--- Action item ---
Every line of the data that contains the string "wearing" must be copied.

Stored records
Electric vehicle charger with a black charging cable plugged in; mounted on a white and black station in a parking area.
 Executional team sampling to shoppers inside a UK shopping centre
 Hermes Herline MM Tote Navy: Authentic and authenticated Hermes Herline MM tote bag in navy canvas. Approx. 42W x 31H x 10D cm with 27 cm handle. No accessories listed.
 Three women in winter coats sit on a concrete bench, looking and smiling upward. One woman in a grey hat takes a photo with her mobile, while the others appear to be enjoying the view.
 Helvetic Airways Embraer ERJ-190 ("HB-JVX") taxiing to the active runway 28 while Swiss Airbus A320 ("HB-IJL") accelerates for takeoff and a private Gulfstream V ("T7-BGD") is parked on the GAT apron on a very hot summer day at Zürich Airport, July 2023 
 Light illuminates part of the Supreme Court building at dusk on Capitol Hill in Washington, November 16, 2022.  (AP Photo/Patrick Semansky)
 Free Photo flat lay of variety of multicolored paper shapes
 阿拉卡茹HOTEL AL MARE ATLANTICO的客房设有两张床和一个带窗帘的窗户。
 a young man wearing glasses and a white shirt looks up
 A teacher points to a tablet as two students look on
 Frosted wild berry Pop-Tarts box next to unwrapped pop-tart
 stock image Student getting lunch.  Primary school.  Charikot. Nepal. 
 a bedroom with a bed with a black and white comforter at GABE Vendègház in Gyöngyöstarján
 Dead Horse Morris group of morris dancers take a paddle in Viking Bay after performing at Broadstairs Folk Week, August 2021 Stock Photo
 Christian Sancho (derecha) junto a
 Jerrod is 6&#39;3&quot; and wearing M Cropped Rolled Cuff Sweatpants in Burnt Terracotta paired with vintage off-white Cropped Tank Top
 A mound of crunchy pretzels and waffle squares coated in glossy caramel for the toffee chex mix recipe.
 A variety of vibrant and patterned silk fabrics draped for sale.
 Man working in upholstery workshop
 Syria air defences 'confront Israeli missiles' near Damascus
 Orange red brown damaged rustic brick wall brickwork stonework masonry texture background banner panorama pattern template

--- Reply ---
 a young man wearing glasses and a white shirt looks up
 Jerrod is 6&#39;3&quot; and wearing M Cropped Rolled Cuff Sweatpants in Burnt Terracotta paired with vintage off-white Cropped Tank Top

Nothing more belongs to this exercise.